CATEGORY TWO: The Disenchanted Soul
After being involved in a messy break-up, the disenchanted souls spend most of their waking lives thinking about their ex-girlfriend. Any sexual encounters they have had following the break-up have been unsuccessful thanks to the impotency brought upon by their low self-esteem, and so rather than going out, getting drunk and falling into bed with strange women who will ultimately be disappointed by their flaccid penis, they instead choose to sit at home watching repeats of Scrubs and listening to Damien Rice.
CATEGORY THREE: The Awkward Chancer
The awkward chancers are dedicated to the acquisition of sex, but lack the tools that are necessary for the task. Matching debilitating social awkwardness with a horniness which suggests that any kind of female touch would incite premature ejaculation, the awkward chancers spend most of their time bravely battling against waves of rejection in the hope that they will meet someone who isn't deterred by the fact that a paraplegic could unhook a bra faster than they can.

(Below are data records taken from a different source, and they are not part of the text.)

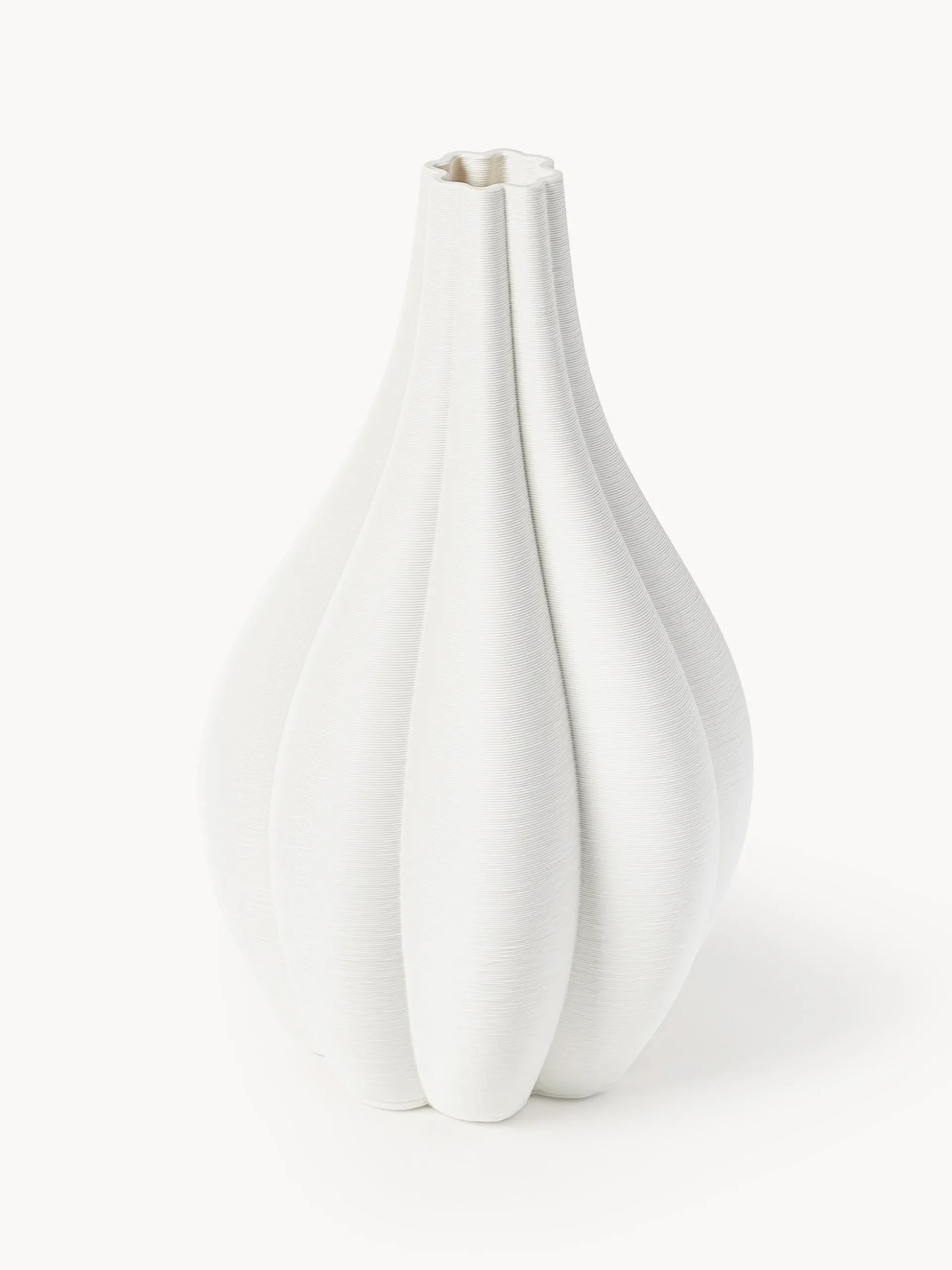 Vaso grande in porcellana con stampa 3D Sonata, alt. 40 cm
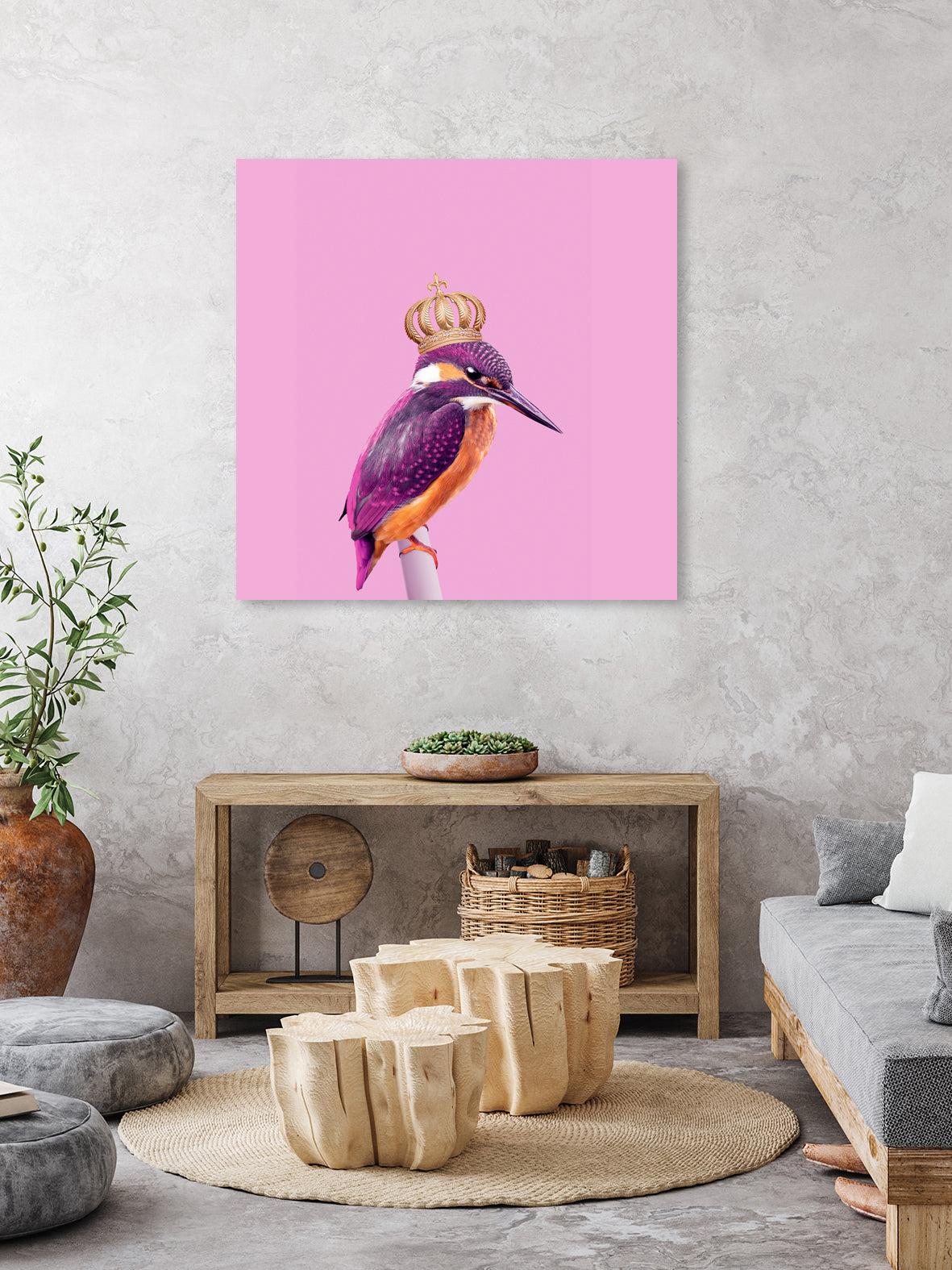 QUEENFISHER by Jonas Loose on GIANT ART - pink photo manipulation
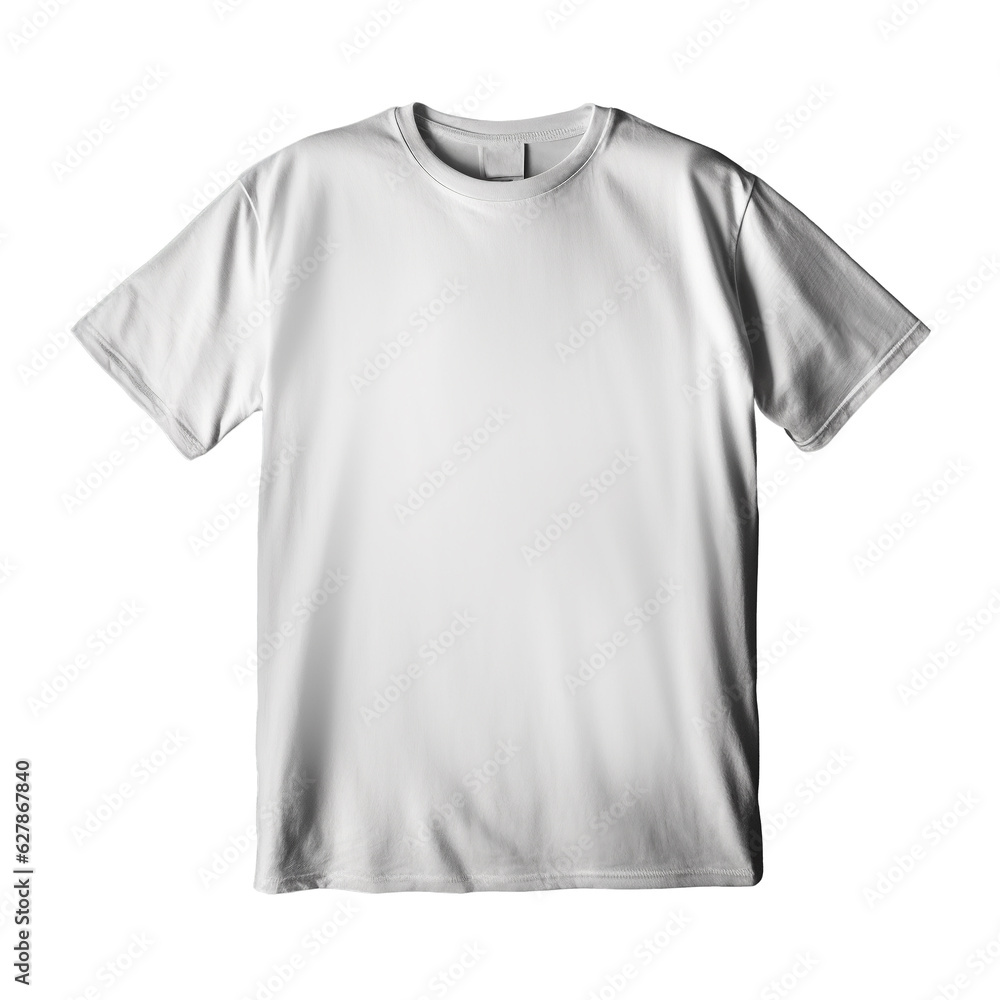 Mock up unisex white T-shirt template for your design Mock up unisex white T-shirt template for your design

The unfortunate truth is that, no matter which category you fall into, the solution remains the same: there is absolutely nothing that you can do other than to continue just being yourself. And this isn't some Cosmopolitan "find someone who loves you for you!" bullshit, either. If you're reading an article entitled 'Why Am I Still Single?!' then chances are that just being yourself is the very thing that's got you into this mess, but what else are you going to do? Go to the gym so that you can develop muscles to surround your inherently unlikeable personality? Start wearing t-shirts with funny slogans on them so that girls think you're approachable? Grow a beard and take up smoking? No. What you're going to do is keep being a loveless bachelor/pathetic ex-boyfriend/socially retarded sex pest, and keep praying that you'll one day meet someone who doesn't care.
Or, failing that, you could just drink more.